(Beginning of RECORDED DATA)
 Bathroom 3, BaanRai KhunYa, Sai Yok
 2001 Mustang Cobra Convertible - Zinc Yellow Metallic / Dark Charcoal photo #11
(End of RECORDED DATA)
(Beginning of RECORDED DATA)
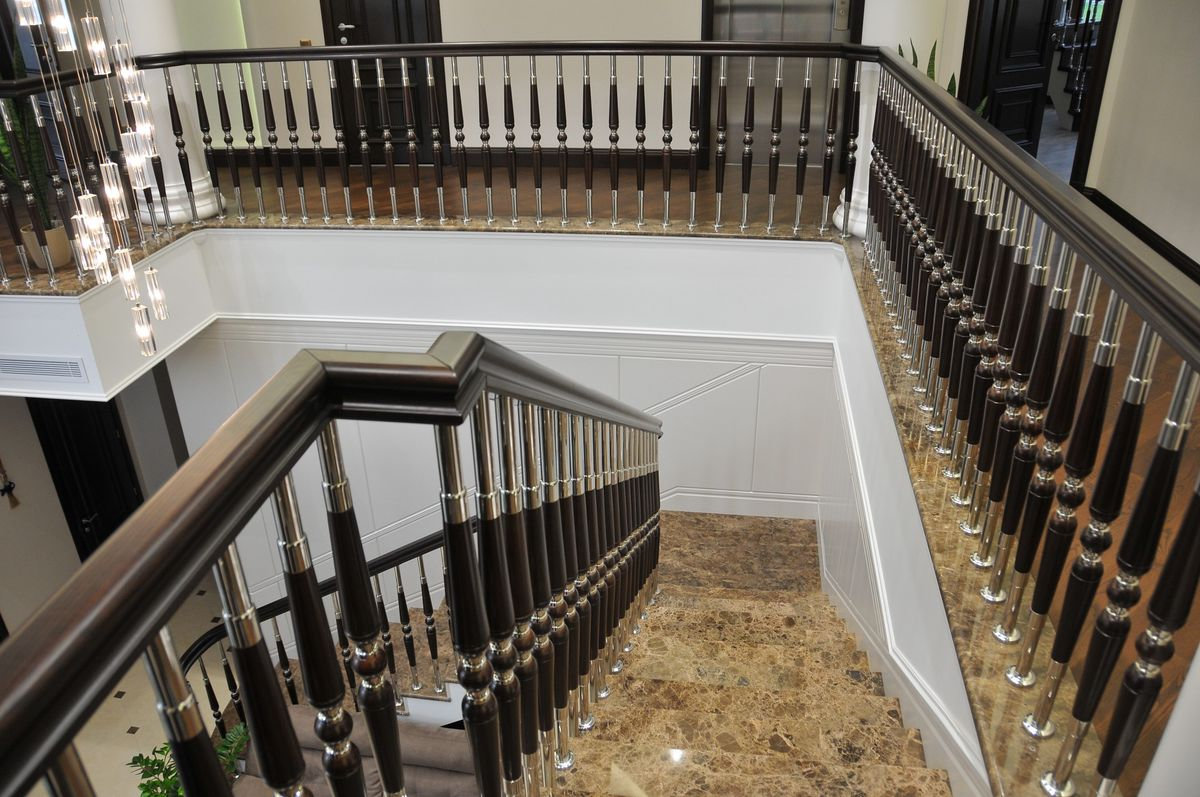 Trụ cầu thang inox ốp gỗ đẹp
(End of RECORDED DATA)
EXERCISE REQUIREMENTS: In the listing above, find the line with "Bathroom 3, BaanRai KhunYa, Sai Yok" and the line with "2001 Mustang Cobra"; output exactly those lines and all lines between them.

ANSWER BELOW:
 Bathroom 3, BaanRai KhunYa, Sai Yok
 2001 Mustang Cobra Convertible - Zinc Yellow Metallic / Dark Charcoal photo #11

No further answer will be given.